After extending the lock-up period for major shareholders of listed firms, the commission issued a set of supplementary rules last Friday and reduced the lock-up period to one year for qualifying VC funds.
The CSRC intended to encourage private equity funds to focus on tech startups, instead of investing in pre-IPO (initial public offering) companies and cashing in on price disparities between the primary and secondary markets, a market insider told Yicai Global.
Some 2,421 Chinese private equity funds were registered as VC pools, per Asset Management Association of China statistics. Another 15,880 funds will have their lock-up periods extended to three years.
These ineligible funds will face more risks. "The extended lock-up period means reduced liquidity and return on investment, making it difficult for the funds to raise money," said Chen Wei, business director at Z-Park Association of Internet Finance.
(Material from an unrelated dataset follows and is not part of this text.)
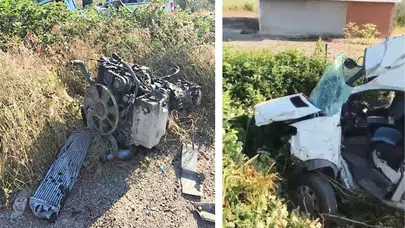 Bursa’da lastiği patlayan servis minibüsü direğe çarptı : 6 yaralı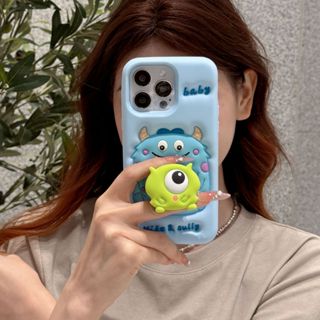 適用iPhone 16 Promax手機殼卡通可愛立體伸縮支架大眼仔112軟矽膠13女防摔14 Plus蘋果15 Pro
Some industry experts believe that as implementation rules are still unavailable, the market will take some time to digest the new policies. The new regulations will draw attention to small to medium-sized startups with excellent growth potential, they said. "Most investors were only interested in firms at an advanced stage of development and paid little attention to high-potential startups in an early development stage," said Gao Hongqing, managing director at Fortune Capital.
The A-share market is no longer a suitable public funding venue for Chinese startups worth more than USD14.7 million (CNY100 million). "They have no reason to seek an IPO in China, because they're more suitable for mature stock markets abroad, as dictated by their investors and business models," Chen said.